_Records for this exercise:_
□ □ □ □ □ □ □

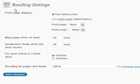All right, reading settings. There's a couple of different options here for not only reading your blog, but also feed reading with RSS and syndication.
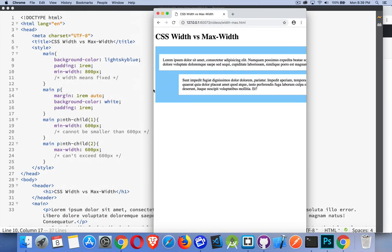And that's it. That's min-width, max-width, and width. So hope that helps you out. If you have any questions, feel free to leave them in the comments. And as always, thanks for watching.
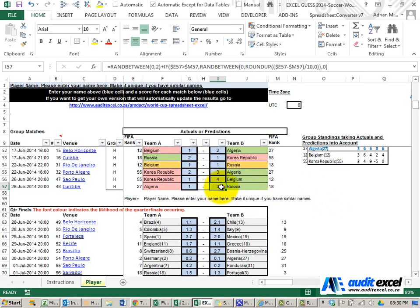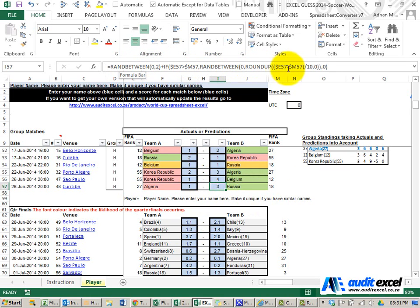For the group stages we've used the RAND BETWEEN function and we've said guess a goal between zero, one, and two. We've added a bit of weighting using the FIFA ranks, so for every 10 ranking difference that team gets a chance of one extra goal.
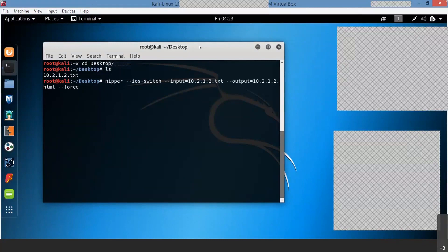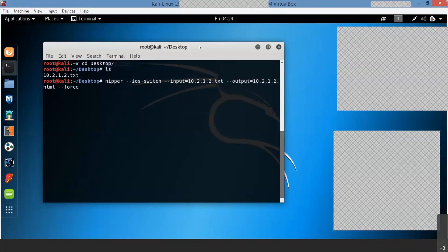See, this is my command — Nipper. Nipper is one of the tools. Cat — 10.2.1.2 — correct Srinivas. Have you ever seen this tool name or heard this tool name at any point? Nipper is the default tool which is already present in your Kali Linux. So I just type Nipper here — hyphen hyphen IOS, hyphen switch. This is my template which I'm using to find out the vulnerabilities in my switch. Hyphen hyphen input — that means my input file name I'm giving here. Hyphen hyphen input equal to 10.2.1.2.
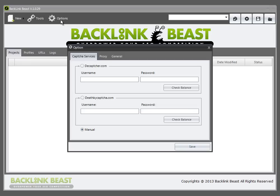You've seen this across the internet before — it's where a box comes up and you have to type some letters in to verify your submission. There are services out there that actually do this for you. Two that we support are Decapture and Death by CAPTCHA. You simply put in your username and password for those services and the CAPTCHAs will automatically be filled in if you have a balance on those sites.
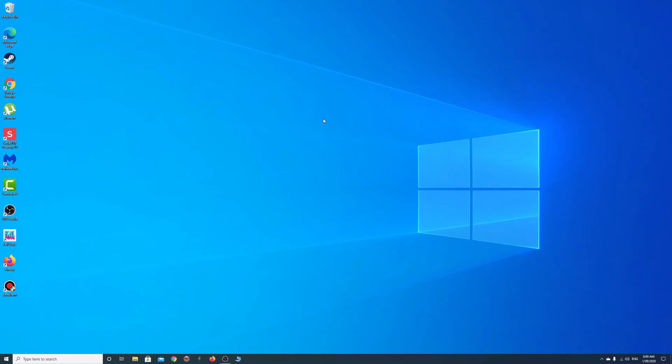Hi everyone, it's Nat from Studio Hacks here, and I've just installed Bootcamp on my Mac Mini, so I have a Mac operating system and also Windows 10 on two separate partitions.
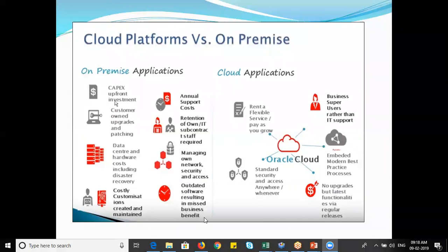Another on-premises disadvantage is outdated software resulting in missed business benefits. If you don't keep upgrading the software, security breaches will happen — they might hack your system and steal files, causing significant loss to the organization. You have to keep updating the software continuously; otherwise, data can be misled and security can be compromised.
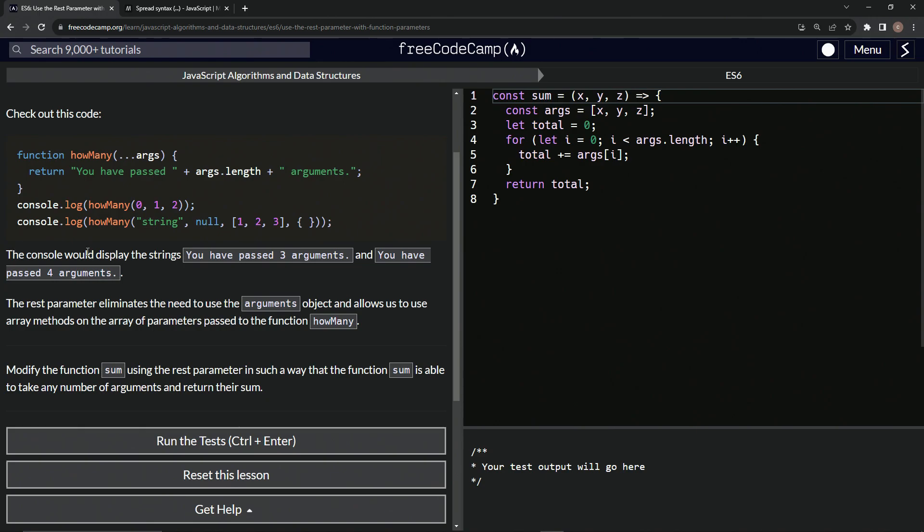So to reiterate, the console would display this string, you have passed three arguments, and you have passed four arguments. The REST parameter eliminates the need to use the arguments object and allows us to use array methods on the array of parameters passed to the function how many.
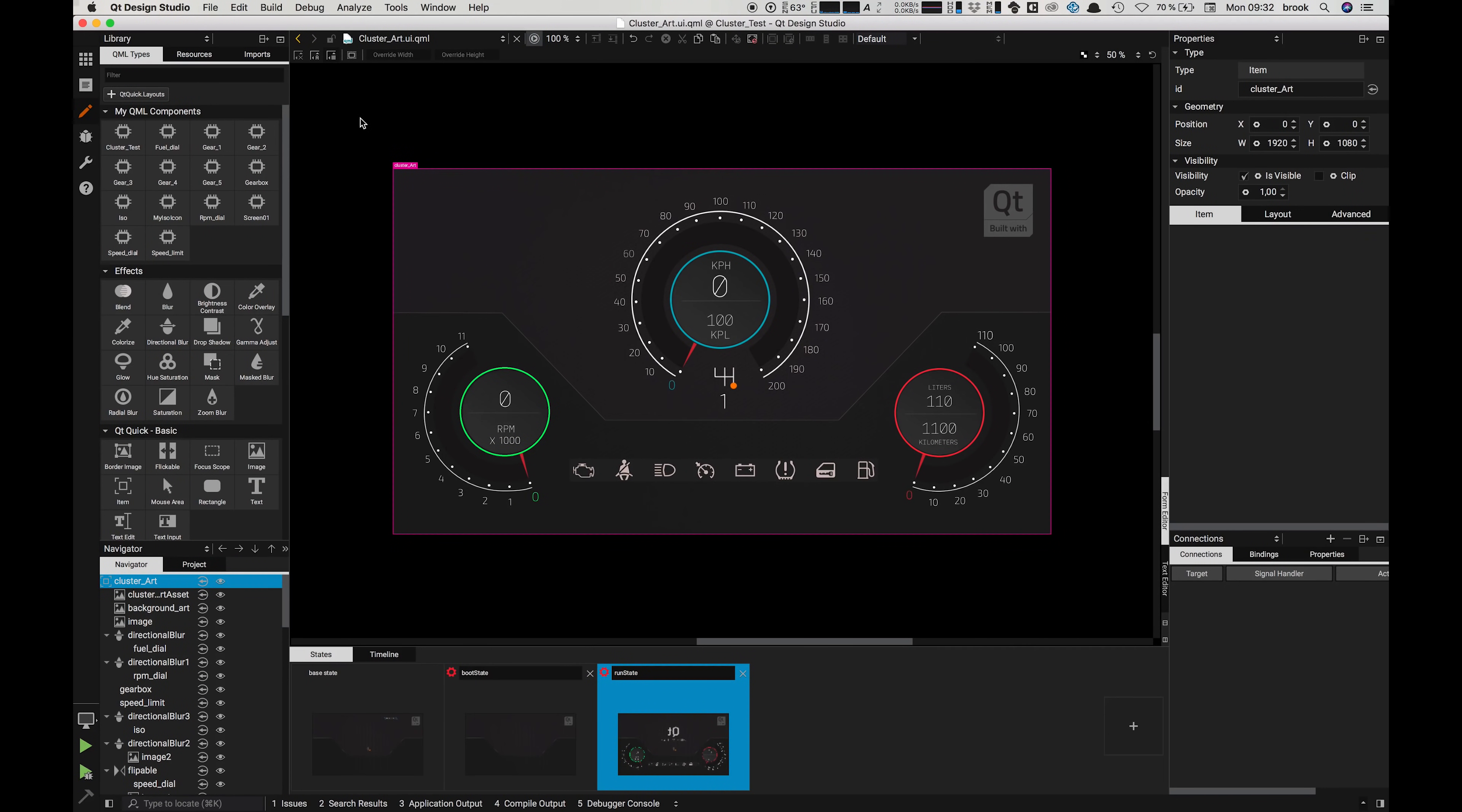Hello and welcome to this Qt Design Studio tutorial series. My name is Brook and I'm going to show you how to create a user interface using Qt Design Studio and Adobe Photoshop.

□ □ □ □ □ □ □

_Task objective:_ Provide an exact copy of the records, excluding every picture.

_Expected answer:_
All right, reading settings. There's a couple of different options here for not only reading your blog, but also feed reading with RSS and syndication.
And that's it. That's min-width, max-width, and width. So hope that helps you out. If you have any questions, feel free to leave them in the comments. And as always, thanks for watching.
For the group stages we've used the RAND BETWEEN function and we've said guess a goal between zero, one, and two. We've added a bit of weighting using the FIFA ranks, so for every 10 ranking difference that team gets a chance of one extra goal.
See, this is my command — Nipper. Nipper is one of the tools. Cat — 10.2.1.2 — correct Srinivas. Have you ever seen this tool name or heard this tool name at any point? Nipper is the default tool which is already present in your Kali Linux. So I just type Nipper here — hyphen hyphen IOS, hyphen switch. This is my template which I'm using to find out the vulnerabilities in my switch. Hyphen hyphen input — that means my input file name I'm giving here. Hyphen hyphen input equal to 10.2.1.2.
You've seen this across the internet before — it's where a box comes up and you have to type some letters in to verify your submission. There are services out there that actually do this for you. Two that we support are Decapture and Death by CAPTCHA. You simply put in your username and password for those services and the CAPTCHAs will automatically be filled in if you have a balance on those sites.
Hi everyone, it's Nat from Studio Hacks here, and I've just installed Bootcamp on my Mac Mini, so I have a Mac operating system and also Windows 10 on two separate partitions.
Another on-premises disadvantage is outdated software resulting in missed business benefits. If you don't keep upgrading the software, security breaches will happen — they might hack your system and steal files, causing significant loss to the organization. You have to keep updating the software continuously; otherwise, data can be misled and security can be compromised.
So to reiterate, the console would display this string, you have passed three arguments, and you have passed four arguments. The REST parameter eliminates the need to use the arguments object and allows us to use array methods on the array of parameters passed to the function how many.
Hello and welcome to this Qt Design Studio tutorial series. My name is Brook and I'm going to show you how to create a user interface using Qt Design Studio and Adobe Photoshop.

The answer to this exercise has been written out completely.